Майор изумил ее совершенно нежданным отношением к ее словам, он крепко сжал руками поручни кресла, побледнел, как полотно, и, не выслушав ее до конца, спросил:
– Сильвия, тебе говорил кто-нибудь, отчего дядя Лоренс покончил с собой?
– Нет, – ответила она.
– Он сделал предложение девушке, которая любила его. Но родители ее не давали согласия на брак. Почему, не знаю. Знаю лишь, что он разбил жизнь этой девушки, и это произвело на меня ужасное впечатление.
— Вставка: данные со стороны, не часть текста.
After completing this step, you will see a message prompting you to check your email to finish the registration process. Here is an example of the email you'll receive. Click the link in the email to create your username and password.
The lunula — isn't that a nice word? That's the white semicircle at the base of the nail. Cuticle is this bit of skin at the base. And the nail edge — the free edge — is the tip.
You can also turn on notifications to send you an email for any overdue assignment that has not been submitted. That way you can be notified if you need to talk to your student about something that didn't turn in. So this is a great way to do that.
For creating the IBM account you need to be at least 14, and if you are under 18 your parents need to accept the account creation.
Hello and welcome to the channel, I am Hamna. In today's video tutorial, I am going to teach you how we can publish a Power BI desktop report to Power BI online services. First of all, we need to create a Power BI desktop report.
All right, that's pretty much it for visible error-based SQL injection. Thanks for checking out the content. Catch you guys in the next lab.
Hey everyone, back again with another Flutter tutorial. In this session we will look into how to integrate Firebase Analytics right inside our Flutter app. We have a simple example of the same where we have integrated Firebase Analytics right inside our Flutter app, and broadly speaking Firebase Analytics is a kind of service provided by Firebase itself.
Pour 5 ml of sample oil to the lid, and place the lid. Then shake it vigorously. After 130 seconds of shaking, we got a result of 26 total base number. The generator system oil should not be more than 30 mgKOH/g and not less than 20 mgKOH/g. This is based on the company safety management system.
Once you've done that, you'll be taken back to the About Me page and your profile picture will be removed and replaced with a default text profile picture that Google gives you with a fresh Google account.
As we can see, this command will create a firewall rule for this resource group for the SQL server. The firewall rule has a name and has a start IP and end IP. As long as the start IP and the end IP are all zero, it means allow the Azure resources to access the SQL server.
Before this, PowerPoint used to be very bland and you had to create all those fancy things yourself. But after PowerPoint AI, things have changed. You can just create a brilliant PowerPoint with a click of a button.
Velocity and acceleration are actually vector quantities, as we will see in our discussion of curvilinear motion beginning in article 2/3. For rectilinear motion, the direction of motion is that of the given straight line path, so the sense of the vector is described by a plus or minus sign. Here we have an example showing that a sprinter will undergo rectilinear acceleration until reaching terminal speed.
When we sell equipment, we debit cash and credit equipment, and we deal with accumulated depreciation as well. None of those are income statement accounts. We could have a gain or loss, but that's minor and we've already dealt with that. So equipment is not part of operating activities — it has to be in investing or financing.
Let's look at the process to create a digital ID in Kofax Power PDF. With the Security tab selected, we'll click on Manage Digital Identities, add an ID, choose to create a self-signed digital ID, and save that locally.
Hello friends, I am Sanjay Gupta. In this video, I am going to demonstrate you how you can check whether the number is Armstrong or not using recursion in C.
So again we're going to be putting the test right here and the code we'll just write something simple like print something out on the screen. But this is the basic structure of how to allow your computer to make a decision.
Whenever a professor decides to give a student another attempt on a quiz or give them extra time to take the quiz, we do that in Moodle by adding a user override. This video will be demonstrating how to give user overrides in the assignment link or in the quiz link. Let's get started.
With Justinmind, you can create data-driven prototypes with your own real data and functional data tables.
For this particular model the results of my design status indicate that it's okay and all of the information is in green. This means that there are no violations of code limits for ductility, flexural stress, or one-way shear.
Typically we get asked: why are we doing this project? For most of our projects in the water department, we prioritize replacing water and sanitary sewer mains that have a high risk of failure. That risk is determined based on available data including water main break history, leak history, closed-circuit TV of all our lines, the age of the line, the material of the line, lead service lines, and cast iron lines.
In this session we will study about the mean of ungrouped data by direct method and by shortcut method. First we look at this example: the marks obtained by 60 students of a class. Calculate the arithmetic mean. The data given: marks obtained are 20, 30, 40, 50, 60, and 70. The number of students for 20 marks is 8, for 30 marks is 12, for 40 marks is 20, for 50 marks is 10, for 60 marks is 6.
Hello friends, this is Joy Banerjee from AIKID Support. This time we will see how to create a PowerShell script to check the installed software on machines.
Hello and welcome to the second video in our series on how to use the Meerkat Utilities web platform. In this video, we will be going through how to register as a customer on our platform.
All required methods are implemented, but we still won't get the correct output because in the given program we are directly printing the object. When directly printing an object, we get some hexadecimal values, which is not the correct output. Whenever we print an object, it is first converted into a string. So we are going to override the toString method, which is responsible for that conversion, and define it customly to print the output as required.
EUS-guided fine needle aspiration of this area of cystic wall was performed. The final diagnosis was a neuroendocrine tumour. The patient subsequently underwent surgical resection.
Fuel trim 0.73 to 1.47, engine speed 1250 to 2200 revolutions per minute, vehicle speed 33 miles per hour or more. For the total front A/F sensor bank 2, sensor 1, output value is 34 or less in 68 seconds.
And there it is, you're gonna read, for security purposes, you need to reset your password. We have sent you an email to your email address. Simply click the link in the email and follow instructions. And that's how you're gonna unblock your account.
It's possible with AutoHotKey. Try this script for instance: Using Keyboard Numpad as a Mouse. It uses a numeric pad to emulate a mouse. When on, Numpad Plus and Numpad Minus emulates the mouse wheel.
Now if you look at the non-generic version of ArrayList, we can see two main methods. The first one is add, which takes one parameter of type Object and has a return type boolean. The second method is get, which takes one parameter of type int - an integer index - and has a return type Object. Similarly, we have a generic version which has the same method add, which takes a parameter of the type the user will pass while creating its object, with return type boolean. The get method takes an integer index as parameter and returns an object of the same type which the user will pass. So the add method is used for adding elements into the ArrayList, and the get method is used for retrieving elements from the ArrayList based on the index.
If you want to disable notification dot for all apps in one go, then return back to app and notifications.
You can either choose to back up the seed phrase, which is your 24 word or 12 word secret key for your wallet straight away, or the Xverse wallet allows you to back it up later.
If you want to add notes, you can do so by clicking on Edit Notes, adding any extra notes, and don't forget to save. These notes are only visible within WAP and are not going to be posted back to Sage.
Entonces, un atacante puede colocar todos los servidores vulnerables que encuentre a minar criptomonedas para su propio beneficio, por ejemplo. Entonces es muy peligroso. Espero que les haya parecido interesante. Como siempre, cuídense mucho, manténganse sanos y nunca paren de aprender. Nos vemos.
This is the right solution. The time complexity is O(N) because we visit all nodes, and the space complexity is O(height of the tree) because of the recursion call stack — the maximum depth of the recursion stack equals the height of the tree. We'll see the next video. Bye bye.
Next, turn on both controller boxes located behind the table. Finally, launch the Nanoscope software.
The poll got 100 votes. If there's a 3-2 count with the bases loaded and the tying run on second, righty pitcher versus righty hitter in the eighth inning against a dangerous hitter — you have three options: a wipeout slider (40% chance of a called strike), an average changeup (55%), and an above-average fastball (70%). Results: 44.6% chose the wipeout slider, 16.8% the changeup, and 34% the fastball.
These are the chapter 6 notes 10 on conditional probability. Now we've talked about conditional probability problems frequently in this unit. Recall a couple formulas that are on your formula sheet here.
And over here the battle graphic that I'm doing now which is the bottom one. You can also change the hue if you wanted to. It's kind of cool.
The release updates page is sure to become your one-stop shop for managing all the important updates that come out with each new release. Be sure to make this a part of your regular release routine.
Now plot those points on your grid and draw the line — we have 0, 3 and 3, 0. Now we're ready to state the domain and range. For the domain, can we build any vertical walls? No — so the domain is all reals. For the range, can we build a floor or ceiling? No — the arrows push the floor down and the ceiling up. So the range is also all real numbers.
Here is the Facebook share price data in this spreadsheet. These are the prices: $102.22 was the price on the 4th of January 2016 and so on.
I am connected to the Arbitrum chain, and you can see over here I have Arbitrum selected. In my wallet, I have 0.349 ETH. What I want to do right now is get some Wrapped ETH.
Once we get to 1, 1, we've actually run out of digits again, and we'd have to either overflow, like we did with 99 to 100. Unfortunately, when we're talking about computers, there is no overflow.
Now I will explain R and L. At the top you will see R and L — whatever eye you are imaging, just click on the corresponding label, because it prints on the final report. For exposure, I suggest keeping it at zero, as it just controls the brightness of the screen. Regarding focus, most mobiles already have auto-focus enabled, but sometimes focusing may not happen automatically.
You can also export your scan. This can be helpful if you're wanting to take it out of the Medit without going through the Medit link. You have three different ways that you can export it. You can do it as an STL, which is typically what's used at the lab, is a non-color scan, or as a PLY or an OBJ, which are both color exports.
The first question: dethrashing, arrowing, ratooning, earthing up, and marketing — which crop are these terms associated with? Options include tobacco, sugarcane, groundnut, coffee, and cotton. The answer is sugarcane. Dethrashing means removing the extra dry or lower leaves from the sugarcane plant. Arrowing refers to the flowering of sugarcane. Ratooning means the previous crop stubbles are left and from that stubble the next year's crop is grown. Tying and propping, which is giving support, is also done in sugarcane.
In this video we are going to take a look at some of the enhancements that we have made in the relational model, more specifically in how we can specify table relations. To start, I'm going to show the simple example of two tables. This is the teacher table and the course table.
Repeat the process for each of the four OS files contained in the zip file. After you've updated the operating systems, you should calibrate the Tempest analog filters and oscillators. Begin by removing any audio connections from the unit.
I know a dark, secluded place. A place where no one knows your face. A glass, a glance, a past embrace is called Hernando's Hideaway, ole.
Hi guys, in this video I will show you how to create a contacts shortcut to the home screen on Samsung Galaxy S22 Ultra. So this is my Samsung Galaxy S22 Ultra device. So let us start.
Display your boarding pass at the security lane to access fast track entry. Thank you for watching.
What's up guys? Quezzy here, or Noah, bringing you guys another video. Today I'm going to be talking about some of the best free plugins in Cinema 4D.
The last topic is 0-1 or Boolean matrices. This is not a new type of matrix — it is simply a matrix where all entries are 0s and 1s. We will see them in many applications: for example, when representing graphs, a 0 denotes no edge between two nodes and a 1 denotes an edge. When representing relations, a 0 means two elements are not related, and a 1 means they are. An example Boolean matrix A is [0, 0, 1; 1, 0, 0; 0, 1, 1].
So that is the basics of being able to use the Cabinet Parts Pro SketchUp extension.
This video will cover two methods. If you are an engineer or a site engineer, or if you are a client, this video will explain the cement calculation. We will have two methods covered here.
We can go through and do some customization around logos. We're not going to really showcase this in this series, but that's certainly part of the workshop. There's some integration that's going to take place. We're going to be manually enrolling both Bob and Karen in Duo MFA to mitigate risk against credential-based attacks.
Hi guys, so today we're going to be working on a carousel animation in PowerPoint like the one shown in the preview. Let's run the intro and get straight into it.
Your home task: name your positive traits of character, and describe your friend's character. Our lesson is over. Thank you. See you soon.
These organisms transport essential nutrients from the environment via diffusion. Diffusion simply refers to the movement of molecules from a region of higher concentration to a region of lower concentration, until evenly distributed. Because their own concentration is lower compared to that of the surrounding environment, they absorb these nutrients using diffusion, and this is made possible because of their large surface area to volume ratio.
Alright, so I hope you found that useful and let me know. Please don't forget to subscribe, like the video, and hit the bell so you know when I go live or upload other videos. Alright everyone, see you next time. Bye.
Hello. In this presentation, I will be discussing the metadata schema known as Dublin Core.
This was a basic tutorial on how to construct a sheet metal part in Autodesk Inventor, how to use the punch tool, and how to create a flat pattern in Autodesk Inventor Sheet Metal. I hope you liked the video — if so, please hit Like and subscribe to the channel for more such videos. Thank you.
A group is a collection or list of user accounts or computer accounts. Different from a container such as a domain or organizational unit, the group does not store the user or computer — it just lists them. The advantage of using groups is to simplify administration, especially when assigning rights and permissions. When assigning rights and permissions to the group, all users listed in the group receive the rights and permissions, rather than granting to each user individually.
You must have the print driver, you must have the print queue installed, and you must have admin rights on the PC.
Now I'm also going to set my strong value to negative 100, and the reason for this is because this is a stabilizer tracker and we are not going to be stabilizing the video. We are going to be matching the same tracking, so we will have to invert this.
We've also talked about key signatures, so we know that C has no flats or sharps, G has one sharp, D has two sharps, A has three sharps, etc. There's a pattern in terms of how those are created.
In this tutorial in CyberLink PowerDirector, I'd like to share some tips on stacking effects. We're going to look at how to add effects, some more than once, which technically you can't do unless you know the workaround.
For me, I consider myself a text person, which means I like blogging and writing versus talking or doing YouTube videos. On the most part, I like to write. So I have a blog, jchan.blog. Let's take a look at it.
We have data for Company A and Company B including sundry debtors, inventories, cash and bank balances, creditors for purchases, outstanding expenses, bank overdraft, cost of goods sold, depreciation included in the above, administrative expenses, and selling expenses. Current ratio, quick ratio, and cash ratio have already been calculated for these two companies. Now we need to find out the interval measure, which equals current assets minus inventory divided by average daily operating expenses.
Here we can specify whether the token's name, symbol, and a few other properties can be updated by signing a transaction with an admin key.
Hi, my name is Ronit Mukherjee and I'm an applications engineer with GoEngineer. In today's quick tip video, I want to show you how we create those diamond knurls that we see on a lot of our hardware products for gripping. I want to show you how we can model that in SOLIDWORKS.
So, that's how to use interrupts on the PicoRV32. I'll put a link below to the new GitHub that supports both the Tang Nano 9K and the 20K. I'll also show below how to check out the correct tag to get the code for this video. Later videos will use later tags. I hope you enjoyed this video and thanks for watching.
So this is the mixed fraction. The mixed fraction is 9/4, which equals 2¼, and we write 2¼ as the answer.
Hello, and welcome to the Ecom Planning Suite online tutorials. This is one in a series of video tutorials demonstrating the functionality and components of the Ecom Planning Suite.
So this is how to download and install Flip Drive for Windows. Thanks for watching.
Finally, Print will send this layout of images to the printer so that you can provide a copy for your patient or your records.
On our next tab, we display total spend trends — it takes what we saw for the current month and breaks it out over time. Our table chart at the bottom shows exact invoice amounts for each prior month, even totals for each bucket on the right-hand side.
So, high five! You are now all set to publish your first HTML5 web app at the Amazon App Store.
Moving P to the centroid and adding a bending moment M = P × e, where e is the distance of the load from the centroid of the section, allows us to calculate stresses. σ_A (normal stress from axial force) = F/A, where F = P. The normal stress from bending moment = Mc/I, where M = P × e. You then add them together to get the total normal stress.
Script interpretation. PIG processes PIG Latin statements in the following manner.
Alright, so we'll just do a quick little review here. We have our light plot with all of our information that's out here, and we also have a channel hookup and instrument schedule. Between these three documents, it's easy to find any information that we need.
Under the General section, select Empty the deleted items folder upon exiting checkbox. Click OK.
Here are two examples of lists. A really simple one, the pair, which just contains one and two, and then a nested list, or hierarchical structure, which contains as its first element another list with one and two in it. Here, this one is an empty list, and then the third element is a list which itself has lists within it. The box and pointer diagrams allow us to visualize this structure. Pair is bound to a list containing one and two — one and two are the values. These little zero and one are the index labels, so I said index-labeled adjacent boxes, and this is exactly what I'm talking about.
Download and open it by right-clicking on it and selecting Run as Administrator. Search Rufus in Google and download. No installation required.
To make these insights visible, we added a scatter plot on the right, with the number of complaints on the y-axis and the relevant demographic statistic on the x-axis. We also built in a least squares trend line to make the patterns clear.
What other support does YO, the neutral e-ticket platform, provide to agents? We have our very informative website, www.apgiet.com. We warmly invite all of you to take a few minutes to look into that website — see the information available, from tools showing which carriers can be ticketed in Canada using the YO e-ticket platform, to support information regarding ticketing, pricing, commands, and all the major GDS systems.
И я поклялся тогда, что никогда не буду вмешиваться в сердечные дела моих детей и противоречить их выбору.
Сильвия была потрясена до глубины души не только его словами, но и его волнением, которое он всеми силами подавлял в себе.
– Папа, но неужели ты находишь, что это так ужасно? – спросила она.
Он долго молчал, прежде чем ответил.
– Это совершенно не то, о чем я мечтал, – сказал он. – И это совершенно изменит твою жизнь. Я боюсь, ты даже не представляешь себе, какая это значительная может быть перемена.
– Но я люблю его, папа!
– Если ты действительно любишь, тогда я тебе препятствовать не стану, дорогая. Если бы я мог только быть уверен в этом! Обещай мне, что ты будешь ждать еще, пока не убедишься вполне, что тут никакой ошибки нет.
– Обещаю тебе, папа!
Они поговорили еще немного, и Сильвия ушла к себе. Часа через полтора в комнату ее вбежала растерянная повариха, тетушка Сара.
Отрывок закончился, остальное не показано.